In other words, subject to certain exceptions, such as employee profit-sharing plans, Section 104a renders unlawful certain agreements to which a casino may be a party. Section 104b, on the other hand, addresses the obligation of the casino to maintain agreements affecting its business operations, and gives the Commission, in its discretion, the right to review those agreements. Simply put, Section 104a prohibits a casino from entering into certain types of agreements, while Section 104b requires the casino to maintain agreements to which it is a party.


DiBartolomeo points out that since employee agreements are not specifically mentioned in Section 104b, they should be excepted from its coverage. However, statutory exceptions "are not to be implied." New Mea Construction Corp. v. Harper, 203 N.J. Super. 486, 502 (App. Div. 1985) (citations omitted). Here, consistent with the legislative intent underlying the Act, there was no need to specifically identify employment agreements in Section 104b, since these agreements are embodied in the statutory reference to agreements "regarding . . . the business of a . . . casino." That Section 104b does not specifically reference employment agreements, does not limit the Commission's authority to perform its functions under the Act. See N.J.S.A. 5:12-64; N.J.S.A. 5:12-75.
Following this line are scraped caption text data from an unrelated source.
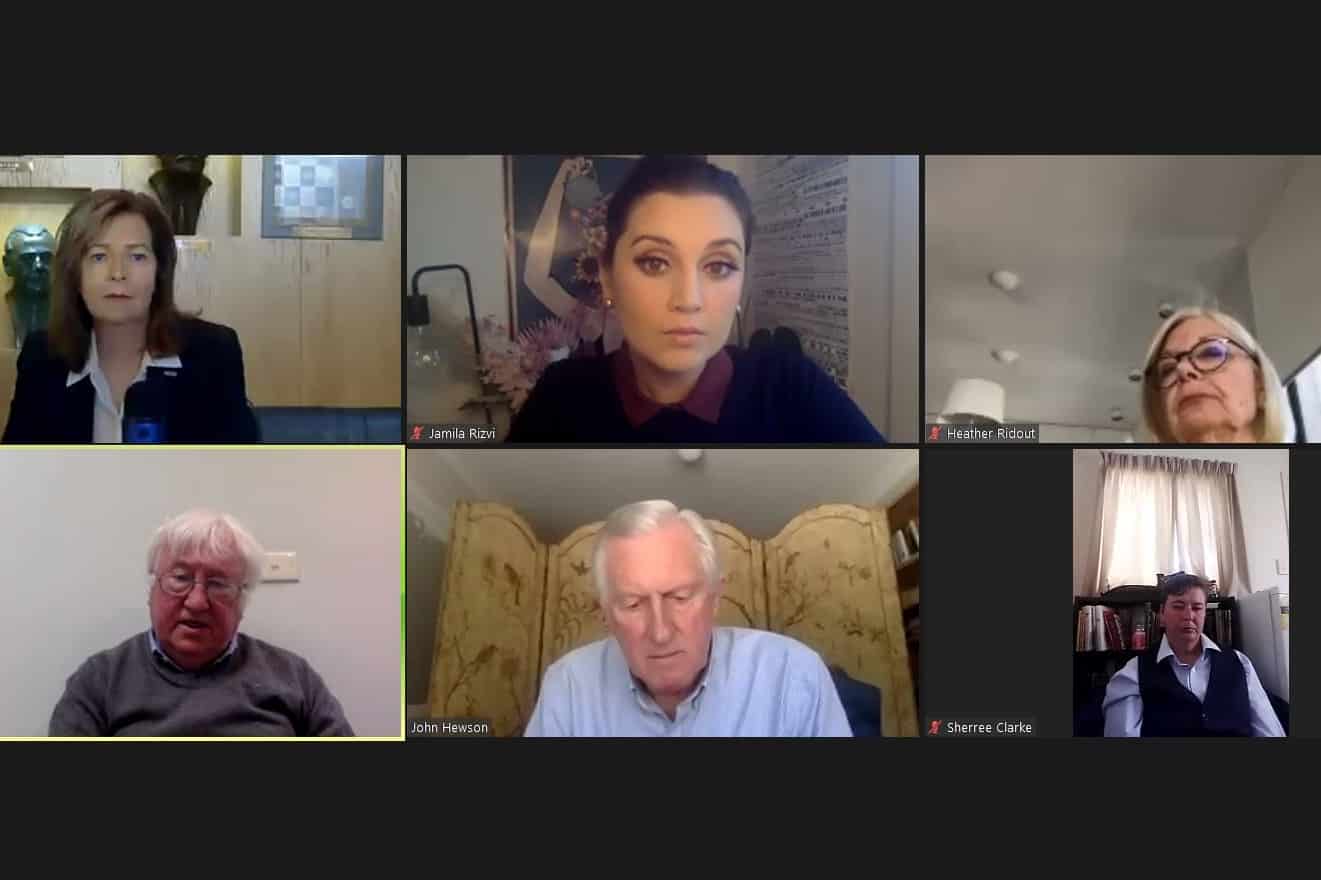 John Hewson: SG freeze due to Covid ‘not defensible’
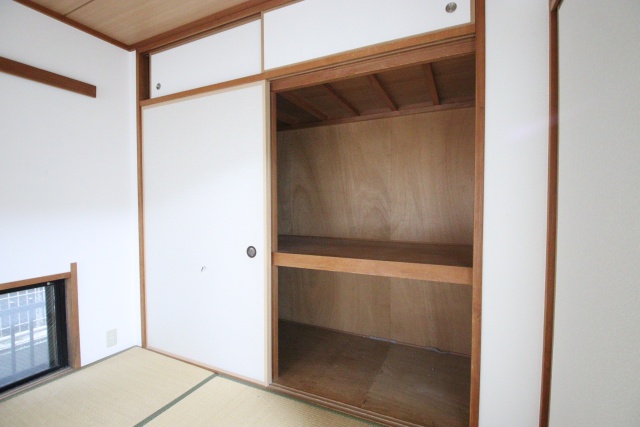 収納　同建物内別室の参考写真です。※現況優先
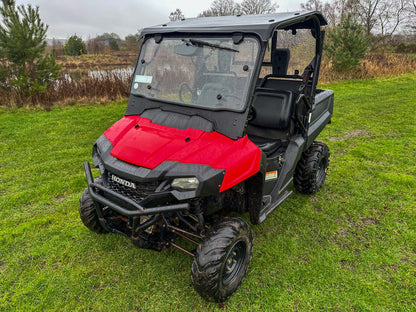 Used Honda Pioneer 700 UTV
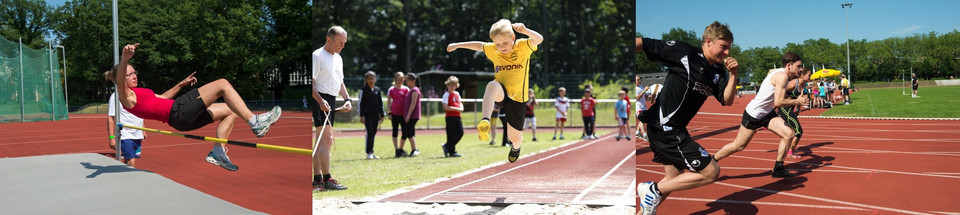 Sportabzeichen start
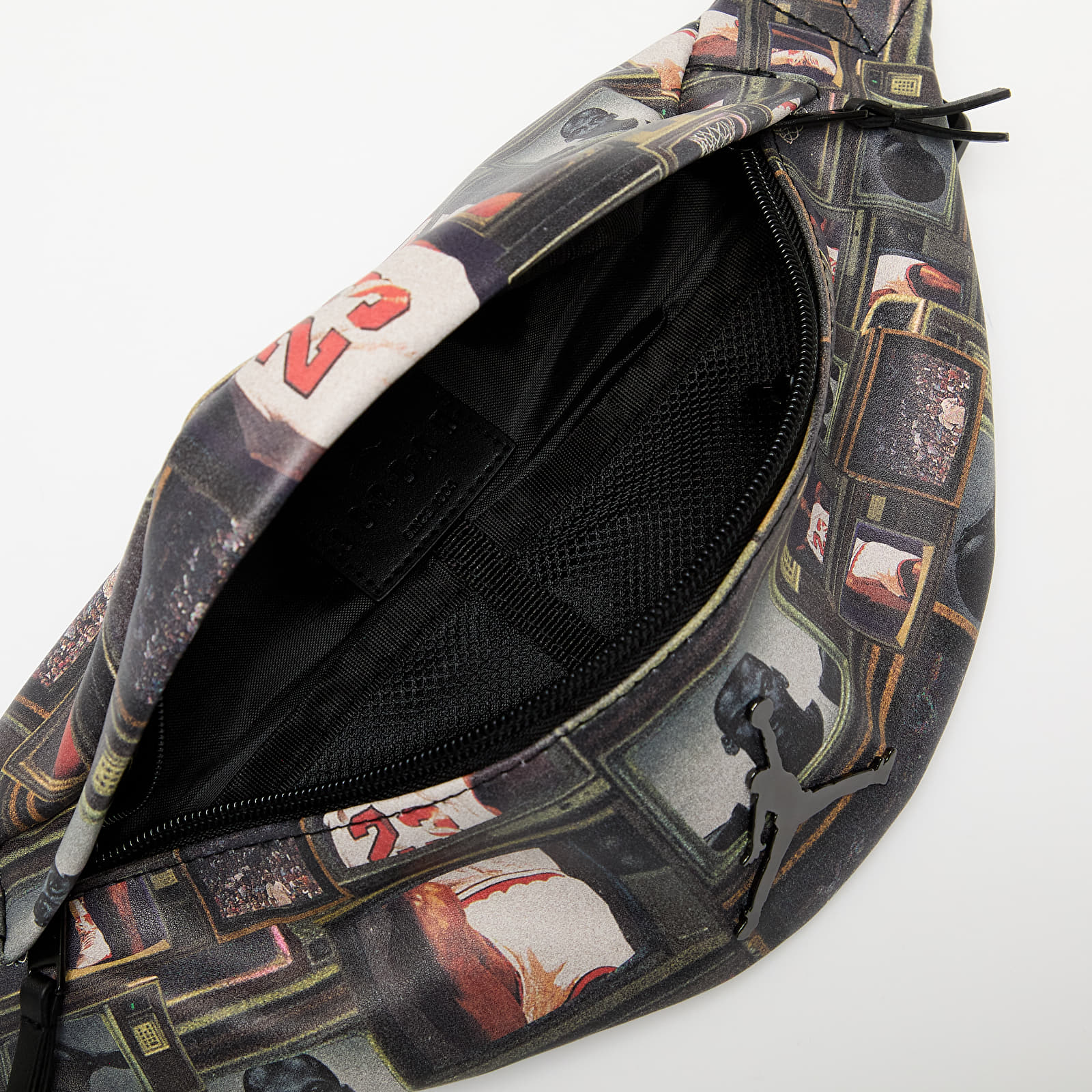 Gürteltaschen Jordan Jam Borough Gfx Crossbody Bag Black/ Multi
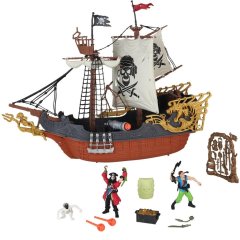 Игровой набор серии Пираты Pirates Deluxe 505219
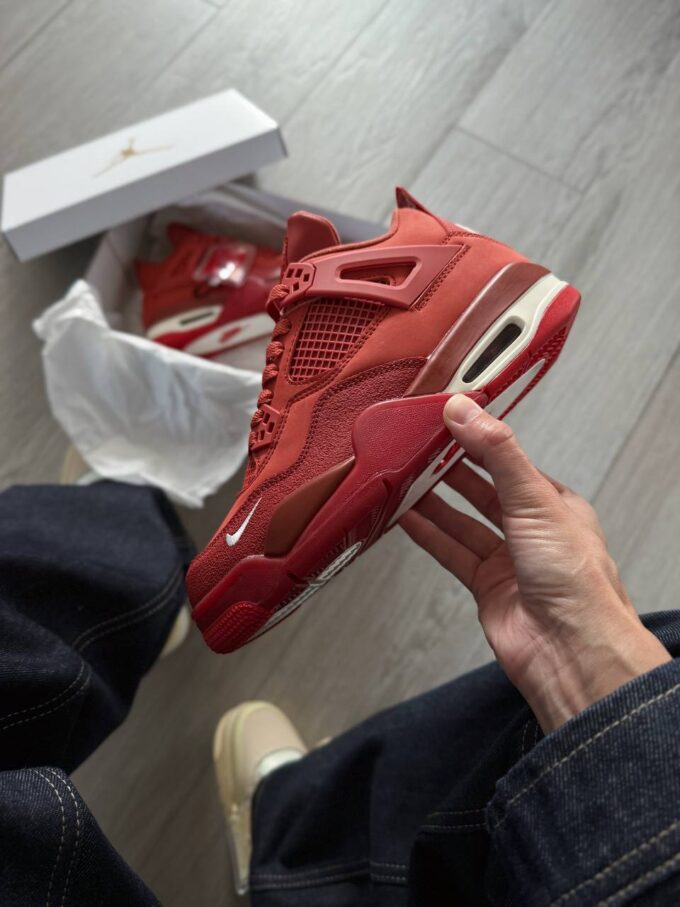 Nike Air Jordan 4 Nigel Brick by Brick - Зображення 2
The Commission has always interpreted Section 104b broadly. Although DiBartolomeo argues in his brief that the Commission has not reviewed employment contracts in the past, he has submitted no authority to support his position. We give deference to the agency's construction of the statute, especially where, as in this case, such construction is consistent with the legislative intent. See Malone v. Fender, 80 N.J. 129, 137 (1979) (citations omitted). The language of Section 104b provides for review of all agreements that pertain to the business of a casino licensee. The Commission properly exercised its authority to review the severance agreement.


III.


We next turn to DiBartolomeo's alternative arguments. DiBartolomeo argues that even if the Commission has the authority to void employment agreements, its decision was not supported by the record before it. Given the deference accorded an administrative agency's findings of fact, DiBartolomeo's argument with respect to this issue fails.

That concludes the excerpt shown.